Top of RECORDS FOR THIS TASK

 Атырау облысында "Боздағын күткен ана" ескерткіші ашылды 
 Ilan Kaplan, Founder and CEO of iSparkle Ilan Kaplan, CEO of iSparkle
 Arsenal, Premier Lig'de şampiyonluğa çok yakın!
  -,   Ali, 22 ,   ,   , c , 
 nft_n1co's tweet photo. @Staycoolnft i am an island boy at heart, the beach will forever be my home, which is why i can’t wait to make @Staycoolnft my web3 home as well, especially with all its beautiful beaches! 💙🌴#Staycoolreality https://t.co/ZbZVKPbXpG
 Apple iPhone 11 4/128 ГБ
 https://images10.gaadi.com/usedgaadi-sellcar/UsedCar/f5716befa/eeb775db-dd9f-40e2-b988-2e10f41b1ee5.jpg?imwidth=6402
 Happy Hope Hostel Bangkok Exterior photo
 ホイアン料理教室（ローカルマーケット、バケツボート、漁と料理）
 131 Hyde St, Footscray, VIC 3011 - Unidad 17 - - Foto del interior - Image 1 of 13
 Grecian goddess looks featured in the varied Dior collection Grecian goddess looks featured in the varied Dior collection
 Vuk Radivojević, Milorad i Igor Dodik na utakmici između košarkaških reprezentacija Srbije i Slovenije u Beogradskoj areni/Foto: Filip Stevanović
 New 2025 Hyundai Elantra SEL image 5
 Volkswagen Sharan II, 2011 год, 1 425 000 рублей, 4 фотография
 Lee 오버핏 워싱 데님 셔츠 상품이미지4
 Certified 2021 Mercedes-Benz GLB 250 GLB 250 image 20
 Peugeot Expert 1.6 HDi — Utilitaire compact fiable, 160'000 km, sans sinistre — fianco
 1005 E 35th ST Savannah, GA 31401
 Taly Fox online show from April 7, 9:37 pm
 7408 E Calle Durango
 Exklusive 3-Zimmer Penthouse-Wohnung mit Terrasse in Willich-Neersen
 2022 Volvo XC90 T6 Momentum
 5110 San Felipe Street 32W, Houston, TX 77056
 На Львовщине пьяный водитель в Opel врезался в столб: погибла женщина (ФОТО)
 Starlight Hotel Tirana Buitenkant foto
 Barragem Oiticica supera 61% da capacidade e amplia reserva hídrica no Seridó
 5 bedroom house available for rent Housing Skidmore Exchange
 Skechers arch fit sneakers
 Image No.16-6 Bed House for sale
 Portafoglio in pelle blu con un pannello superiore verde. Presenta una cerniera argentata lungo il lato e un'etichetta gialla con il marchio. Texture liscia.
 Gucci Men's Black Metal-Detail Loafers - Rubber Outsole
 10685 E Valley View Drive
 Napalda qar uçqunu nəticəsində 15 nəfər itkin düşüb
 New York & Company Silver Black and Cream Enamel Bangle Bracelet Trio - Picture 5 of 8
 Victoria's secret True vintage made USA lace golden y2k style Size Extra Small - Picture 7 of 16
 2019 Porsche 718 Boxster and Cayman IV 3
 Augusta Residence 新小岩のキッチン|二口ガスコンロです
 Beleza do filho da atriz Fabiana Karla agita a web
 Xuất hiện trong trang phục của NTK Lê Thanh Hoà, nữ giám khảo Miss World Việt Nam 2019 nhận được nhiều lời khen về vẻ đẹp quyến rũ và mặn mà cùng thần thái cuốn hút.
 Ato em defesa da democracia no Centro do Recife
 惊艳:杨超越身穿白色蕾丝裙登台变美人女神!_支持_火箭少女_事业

Bottom of RECORDS FOR THIS TASK

# WHAT TO DO
Only the last part of the entries above is needed: please copy the line with "Barragem Oiticica supera" and each line after it exactly.

# YOUR RESPONSE
 Barragem Oiticica supera 61% da capacidade e amplia reserva hídrica no Seridó
 5 bedroom house available for rent Housing Skidmore Exchange
 Skechers arch fit sneakers
 Image No.16-6 Bed House for sale
 Portafoglio in pelle blu con un pannello superiore verde. Presenta una cerniera argentata lungo il lato e un'etichetta gialla con il marchio. Texture liscia.
 Gucci Men's Black Metal-Detail Loafers - Rubber Outsole
 10685 E Valley View Drive
 Napalda qar uçqunu nəticəsində 15 nəfər itkin düşüb
 New York & Company Silver Black and Cream Enamel Bangle Bracelet Trio - Picture 5 of 8
 Victoria's secret True vintage made USA lace golden y2k style Size Extra Small - Picture 7 of 16
 2019 Porsche 718 Boxster and Cayman IV 3
 Augusta Residence 新小岩のキッチン|二口ガスコンロです
 Beleza do filho da atriz Fabiana Karla agita a web
 Xuất hiện trong trang phục của NTK Lê Thanh Hoà, nữ giám khảo Miss World Việt Nam 2019 nhận được nhiều lời khen về vẻ đẹp quyến rũ và mặn mà cùng thần thái cuốn hút.
 Ato em defesa da democracia no Centro do Recife
 惊艳:杨超越身穿白色蕾丝裙登台变美人女神!_支持_火箭少女_事业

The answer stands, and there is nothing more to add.